Hardware number and navigation keys. PDA-style phones that have a huge touch-screen and a slide-out QWERTY keyboard are all very well and good, but I want to be able to use it like a mobile. It's convenient, it works, it can be done one-handed.

The ability to slip into my pocket. This is difficult to reconcile with the above, and with a screen wide enough to comfortably display things like Google Docs: Witness current high-end Blackberries and Nokia's non-fold QWERTY phones. But the only people who need to hang things off their belts are soldiers, police officers, tradesmen and executives with defensive, gadget-based self-esteems. I will also accept iPod users who need to have the controls and earpiece cord easily accessible. If the mobile needs to use tricky engineering to make the keyboard fold out, good. If that makes it thicker than my wallet, bad. I would live with using a jacket pocket but I live in Brisbane and wearing a jacket is, to say the least, unusual. This is another reason I'm annoyed at how incomplete the M600i is, and why the drool-inducingly potent P990i just won't, much as it pains me to say this, cut it for me.

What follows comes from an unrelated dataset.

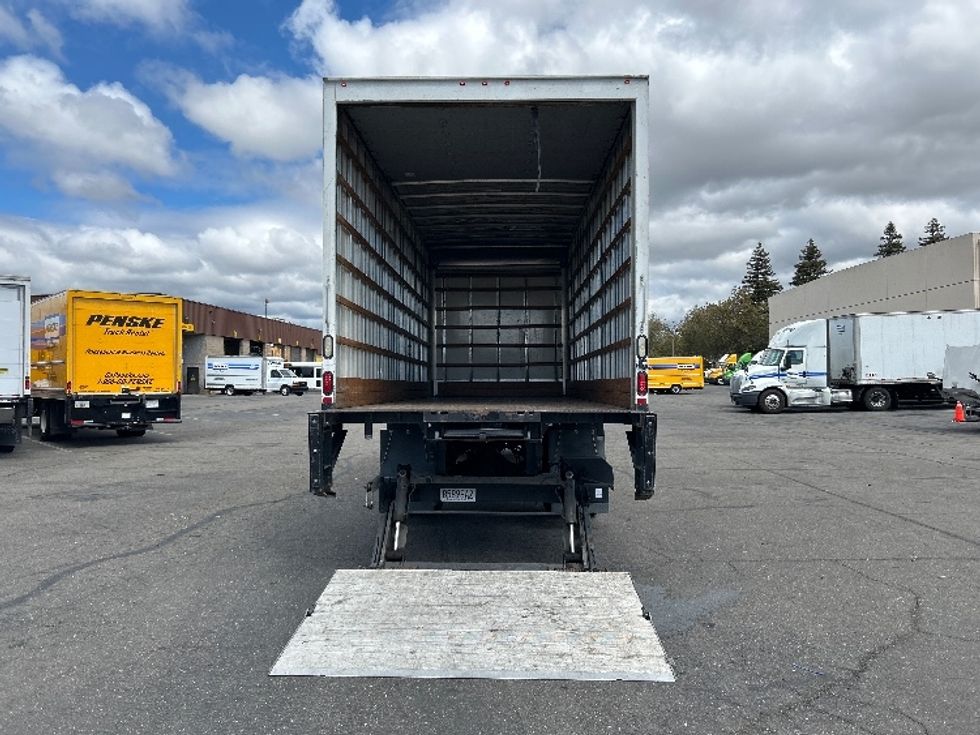 Medium Duty Box Truck-Light and Medium Duty Trucks-Freightliner-2017-M2-West Sacramento-CA-89,579\n\t\tmiles-$ 59,750 - Image 9
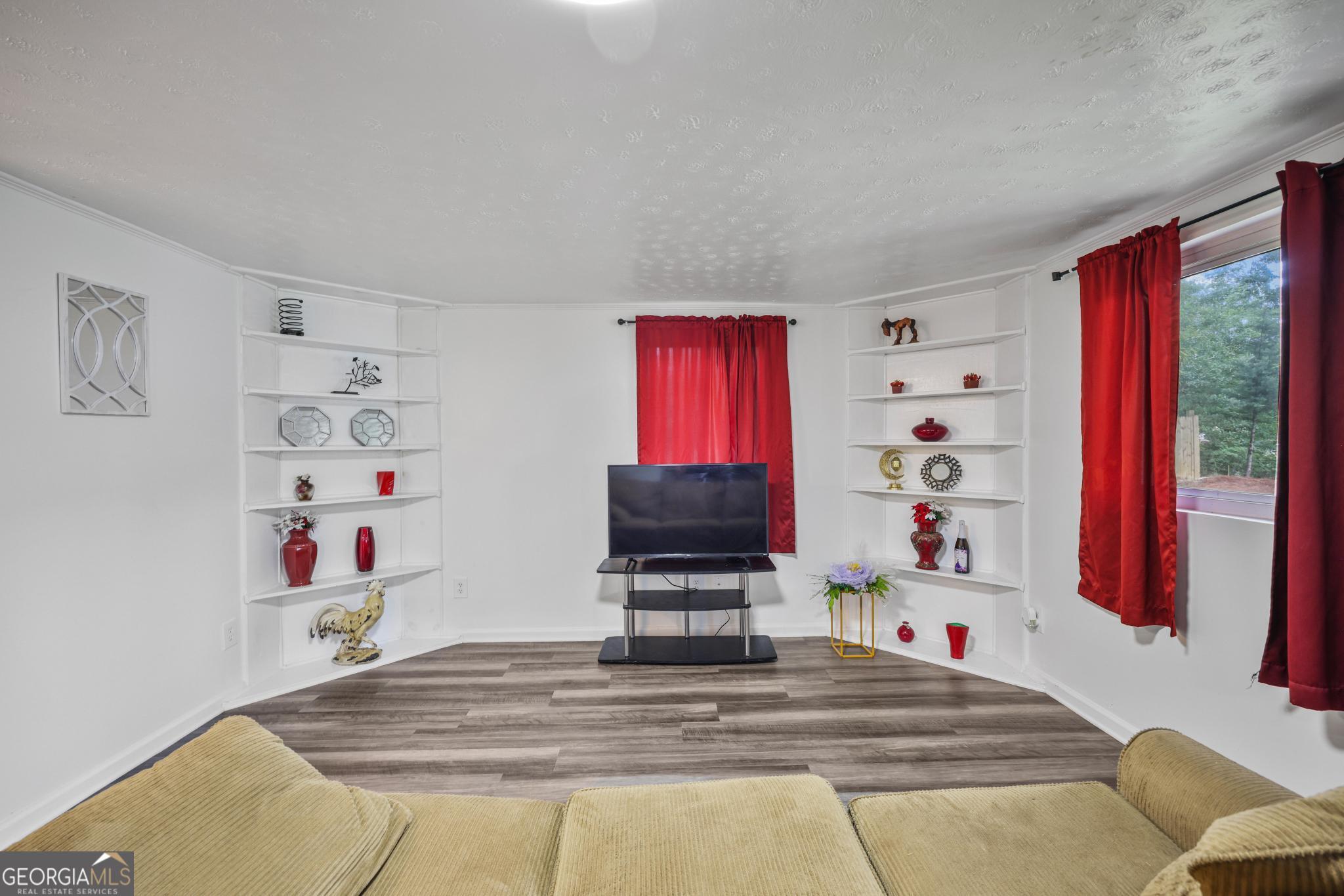 Residential in Powder Springs 4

SyncML/OpenML. I'm serious. This is an industry-standard, open synchronisation framework which allowed me to not only back up my previous Sony-Ericsson T630 to my Linux desktop, but manipulate it and send SMS message from the computer as well. When that phone died it did so at such short notice that I didn't have time to examine my options as closely as I would have liked and didn't check this on my ultimate replacement, the otherwise extremely nice Samsung A701, assuming that it would be installed. Big mistake. No SyncML, no sale.

Camera.
Once upon a time I scoffed at this, but the convenience value of having it available means that you may as well. Strike two against the M600i.

Media player.
My current phone serves me well for MP3s, given how little I feel the need to listen to them (and, working on the phone for a large portion of the day, the time). I'm not even sure if it's possible to buy a phone that can't, these days.

JSR75. This is only if the phone has J2ME installed (which is also almost a given). JSR75 is a package of optional functionality for J2ME which includes file-system access, PIM apps access and camera access. On my mobile it's there (sort of) but, well, buggy. I don't feel like using a great technology if it's been crippled by leaving stuff out.

GPS. Well, why not? This is optional, but nice. I can already use Google Earth, why not a proper GPS system? Nokia (among others) will already sell you a phone that will do this, and eagle-eyed watchers of the recent Casino Royale will have noticed Daniel Craig getting directions from his product-placed Sony-Ericsson. Pity he took his eyes off the road to do it. (N.B.: The M600i I keep mentioning was the white phone used by Vesper Lynd).

So what do I like? I like what Palm have done with modifying Windows Mobile, I like the M600i if only it had better navigation controls, a camera, WiFi and I could use the keypad. I'm also interested in the Samsung Blackjack but, after how much my current Samsung annoys me with its incompleteness, I may not be in the mood to give them a second chance.

That's a disturbingly short list at the moment. On the other hand, each of my previous phones have lasted me two years, so I've still got a year and a half for the marketplace to improve. As a bonus the M600i is now selling for less than I paid for my current merely clever phone, although the Samsung Blackjack only barely tiptoes under the four-figure mark. I've got another year. I'm confident.